▶ **Records**:
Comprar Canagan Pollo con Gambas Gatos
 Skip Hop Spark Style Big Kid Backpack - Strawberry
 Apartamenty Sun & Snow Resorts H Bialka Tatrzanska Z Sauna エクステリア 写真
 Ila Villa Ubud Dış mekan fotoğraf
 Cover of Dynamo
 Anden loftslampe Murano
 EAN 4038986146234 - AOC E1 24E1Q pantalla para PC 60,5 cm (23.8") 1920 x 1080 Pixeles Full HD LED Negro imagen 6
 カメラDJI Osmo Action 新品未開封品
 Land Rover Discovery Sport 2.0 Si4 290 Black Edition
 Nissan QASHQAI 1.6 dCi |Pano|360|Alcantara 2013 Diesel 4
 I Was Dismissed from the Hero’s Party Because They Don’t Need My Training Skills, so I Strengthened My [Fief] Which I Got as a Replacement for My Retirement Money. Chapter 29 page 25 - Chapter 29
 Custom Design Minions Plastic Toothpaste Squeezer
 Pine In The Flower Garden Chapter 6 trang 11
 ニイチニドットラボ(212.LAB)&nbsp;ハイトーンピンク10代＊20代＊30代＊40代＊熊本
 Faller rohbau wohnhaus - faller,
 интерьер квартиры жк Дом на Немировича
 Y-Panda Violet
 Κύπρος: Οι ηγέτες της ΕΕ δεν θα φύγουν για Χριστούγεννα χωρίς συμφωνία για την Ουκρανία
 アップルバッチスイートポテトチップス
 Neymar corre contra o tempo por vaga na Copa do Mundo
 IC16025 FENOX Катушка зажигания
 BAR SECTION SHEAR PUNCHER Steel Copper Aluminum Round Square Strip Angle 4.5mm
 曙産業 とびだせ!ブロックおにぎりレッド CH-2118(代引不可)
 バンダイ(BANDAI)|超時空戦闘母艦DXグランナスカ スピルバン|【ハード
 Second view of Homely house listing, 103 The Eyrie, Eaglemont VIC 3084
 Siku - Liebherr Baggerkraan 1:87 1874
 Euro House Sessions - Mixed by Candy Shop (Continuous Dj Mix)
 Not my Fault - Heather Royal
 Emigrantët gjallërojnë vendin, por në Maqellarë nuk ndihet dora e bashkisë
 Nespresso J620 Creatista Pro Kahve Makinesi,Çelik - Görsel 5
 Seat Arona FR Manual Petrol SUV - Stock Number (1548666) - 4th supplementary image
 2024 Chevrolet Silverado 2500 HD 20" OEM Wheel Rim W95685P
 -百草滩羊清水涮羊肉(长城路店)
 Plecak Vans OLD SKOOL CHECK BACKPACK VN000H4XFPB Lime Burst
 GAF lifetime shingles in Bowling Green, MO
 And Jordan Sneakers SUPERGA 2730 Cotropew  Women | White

▶ **Task description**:
The records above are to be given again in full, word for word.

▶ **Your solution**:
Comprar Canagan Pollo con Gambas Gatos
 Skip Hop Spark Style Big Kid Backpack - Strawberry
 Apartamenty Sun & Snow Resorts H Bialka Tatrzanska Z Sauna エクステリア 写真
 Ila Villa Ubud Dış mekan fotoğraf
 Cover of Dynamo
 Anden loftslampe Murano
 EAN 4038986146234 - AOC E1 24E1Q pantalla para PC 60,5 cm (23.8") 1920 x 1080 Pixeles Full HD LED Negro imagen 6
 カメラDJI Osmo Action 新品未開封品
 Land Rover Discovery Sport 2.0 Si4 290 Black Edition
 Nissan QASHQAI 1.6 dCi |Pano|360|Alcantara 2013 Diesel 4
 I Was Dismissed from the Hero’s Party Because They Don’t Need My Training Skills, so I Strengthened My [Fief] Which I Got as a Replacement for My Retirement Money. Chapter 29 page 25 - Chapter 29
 Custom Design Minions Plastic Toothpaste Squeezer
 Pine In The Flower Garden Chapter 6 trang 11
 ニイチニドットラボ(212.LAB)&nbsp;ハイトーンピンク10代＊20代＊30代＊40代＊熊本
 Faller rohbau wohnhaus - faller,
 интерьер квартиры жк Дом на Немировича
 Y-Panda Violet
 Κύπρος: Οι ηγέτες της ΕΕ δεν θα φύγουν για Χριστούγεννα χωρίς συμφωνία για την Ουκρανία
 アップルバッチスイートポテトチップス
 Neymar corre contra o tempo por vaga na Copa do Mundo
 IC16025 FENOX Катушка зажигания
 BAR SECTION SHEAR PUNCHER Steel Copper Aluminum Round Square Strip Angle 4.5mm
 曙産業 とびだせ!ブロックおにぎりレッド CH-2118(代引不可)
 バンダイ(BANDAI)|超時空戦闘母艦DXグランナスカ スピルバン|【ハード
 Second view of Homely house listing, 103 The Eyrie, Eaglemont VIC 3084
 Siku - Liebherr Baggerkraan 1:87 1874
 Euro House Sessions - Mixed by Candy Shop (Continuous Dj Mix)
 Not my Fault - Heather Royal
 Emigrantët gjallërojnë vendin, por në Maqellarë nuk ndihet dora e bashkisë
 Nespresso J620 Creatista Pro Kahve Makinesi,Çelik - Görsel 5
 Seat Arona FR Manual Petrol SUV - Stock Number (1548666) - 4th supplementary image
 2024 Chevrolet Silverado 2500 HD 20" OEM Wheel Rim W95685P
 -百草滩羊清水涮羊肉(长城路店)
 Plecak Vans OLD SKOOL CHECK BACKPACK VN000H4XFPB Lime Burst
 GAF lifetime shingles in Bowling Green, MO
 And Jordan Sneakers SUPERGA 2730 Cotropew  Women | White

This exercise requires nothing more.